■ EXERCISE DIRECTIONS ■
Copy each record exactly, word for word.

INFORMATION SHOWN section start

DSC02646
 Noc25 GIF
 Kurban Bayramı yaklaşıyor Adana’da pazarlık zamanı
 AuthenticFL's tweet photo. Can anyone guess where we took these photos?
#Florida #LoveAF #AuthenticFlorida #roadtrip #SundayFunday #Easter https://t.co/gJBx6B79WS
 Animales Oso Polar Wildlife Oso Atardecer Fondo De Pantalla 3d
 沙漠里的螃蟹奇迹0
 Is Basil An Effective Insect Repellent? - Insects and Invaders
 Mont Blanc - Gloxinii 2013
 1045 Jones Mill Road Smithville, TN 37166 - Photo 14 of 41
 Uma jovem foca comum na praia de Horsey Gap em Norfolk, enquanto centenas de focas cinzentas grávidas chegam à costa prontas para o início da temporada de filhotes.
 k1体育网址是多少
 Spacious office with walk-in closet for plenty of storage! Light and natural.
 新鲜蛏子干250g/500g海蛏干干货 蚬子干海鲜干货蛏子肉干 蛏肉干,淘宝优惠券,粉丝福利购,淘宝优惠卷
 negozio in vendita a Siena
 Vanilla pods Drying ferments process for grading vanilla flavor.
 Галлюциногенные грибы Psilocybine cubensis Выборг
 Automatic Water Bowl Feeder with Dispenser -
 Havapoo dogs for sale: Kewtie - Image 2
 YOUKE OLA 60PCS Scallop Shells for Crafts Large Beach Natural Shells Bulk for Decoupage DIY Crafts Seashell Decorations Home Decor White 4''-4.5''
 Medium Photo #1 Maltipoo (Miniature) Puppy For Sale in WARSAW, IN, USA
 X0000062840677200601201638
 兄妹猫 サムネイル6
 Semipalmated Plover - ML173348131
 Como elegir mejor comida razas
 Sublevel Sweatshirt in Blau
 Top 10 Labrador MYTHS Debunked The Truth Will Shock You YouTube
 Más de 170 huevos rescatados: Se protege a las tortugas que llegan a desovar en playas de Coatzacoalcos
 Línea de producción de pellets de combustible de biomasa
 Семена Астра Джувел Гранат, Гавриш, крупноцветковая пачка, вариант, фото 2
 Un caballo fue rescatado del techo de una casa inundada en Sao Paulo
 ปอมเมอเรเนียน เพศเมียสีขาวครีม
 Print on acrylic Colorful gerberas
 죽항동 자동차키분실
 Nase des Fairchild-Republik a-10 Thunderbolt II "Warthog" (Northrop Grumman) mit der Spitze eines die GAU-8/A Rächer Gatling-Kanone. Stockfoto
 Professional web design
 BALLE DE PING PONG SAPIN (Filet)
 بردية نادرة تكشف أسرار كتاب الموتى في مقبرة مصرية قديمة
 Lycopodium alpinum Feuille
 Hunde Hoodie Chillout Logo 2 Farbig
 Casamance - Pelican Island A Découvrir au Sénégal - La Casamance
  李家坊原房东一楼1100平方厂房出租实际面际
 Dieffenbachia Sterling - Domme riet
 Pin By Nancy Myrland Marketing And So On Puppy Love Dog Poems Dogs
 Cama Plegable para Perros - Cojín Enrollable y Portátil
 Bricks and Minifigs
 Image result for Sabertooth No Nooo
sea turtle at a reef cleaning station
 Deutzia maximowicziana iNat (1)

INFORMATION SHOWN section end

■ COMPLETED EXERCISE ■
DSC02646
 Noc25 GIF
 Kurban Bayramı yaklaşıyor Adana’da pazarlık zamanı
 AuthenticFL's tweet photo. Can anyone guess where we took these photos?
#Florida #LoveAF #AuthenticFlorida #roadtrip #SundayFunday #Easter https://t.co/gJBx6B79WS
 Animales Oso Polar Wildlife Oso Atardecer Fondo De Pantalla 3d
 沙漠里的螃蟹奇迹0
 Is Basil An Effective Insect Repellent? - Insects and Invaders
 Mont Blanc - Gloxinii 2013
 1045 Jones Mill Road Smithville, TN 37166 - Photo 14 of 41
 Uma jovem foca comum na praia de Horsey Gap em Norfolk, enquanto centenas de focas cinzentas grávidas chegam à costa prontas para o início da temporada de filhotes.
 k1体育网址是多少
 Spacious office with walk-in closet for plenty of storage! Light and natural.
 新鲜蛏子干250g/500g海蛏干干货 蚬子干海鲜干货蛏子肉干 蛏肉干,淘宝优惠券,粉丝福利购,淘宝优惠卷
 negozio in vendita a Siena
 Vanilla pods Drying ferments process for grading vanilla flavor.
 Галлюциногенные грибы Psilocybine cubensis Выборг
 Automatic Water Bowl Feeder with Dispenser -
 Havapoo dogs for sale: Kewtie - Image 2
 YOUKE OLA 60PCS Scallop Shells for Crafts Large Beach Natural Shells Bulk for Decoupage DIY Crafts Seashell Decorations Home Decor White 4''-4.5''
 Medium Photo #1 Maltipoo (Miniature) Puppy For Sale in WARSAW, IN, USA
 X0000062840677200601201638
 兄妹猫 サムネイル6
 Semipalmated Plover - ML173348131
 Como elegir mejor comida razas
 Sublevel Sweatshirt in Blau
 Top 10 Labrador MYTHS Debunked The Truth Will Shock You YouTube
 Más de 170 huevos rescatados: Se protege a las tortugas que llegan a desovar en playas de Coatzacoalcos
 Línea de producción de pellets de combustible de biomasa
 Семена Астра Джувел Гранат, Гавриш, крупноцветковая пачка, вариант, фото 2
 Un caballo fue rescatado del techo de una casa inundada en Sao Paulo
 ปอมเมอเรเนียน เพศเมียสีขาวครีม
 Print on acrylic Colorful gerberas
 죽항동 자동차키분실
 Nase des Fairchild-Republik a-10 Thunderbolt II "Warthog" (Northrop Grumman) mit der Spitze eines die GAU-8/A Rächer Gatling-Kanone. Stockfoto
 Professional web design
 BALLE DE PING PONG SAPIN (Filet)
 بردية نادرة تكشف أسرار كتاب الموتى في مقبرة مصرية قديمة
 Lycopodium alpinum Feuille
 Hunde Hoodie Chillout Logo 2 Farbig
 Casamance - Pelican Island A Découvrir au Sénégal - La Casamance
  李家坊原房东一楼1100平方厂房出租实际面际
 Dieffenbachia Sterling - Domme riet
 Pin By Nancy Myrland Marketing And So On Puppy Love Dog Poems Dogs
 Cama Plegable para Perros - Cojín Enrollable y Portátil
 Bricks and Minifigs
 Image result for Sabertooth No Nooo
sea turtle at a reef cleaning station
 Deutzia maximowicziana iNat (1)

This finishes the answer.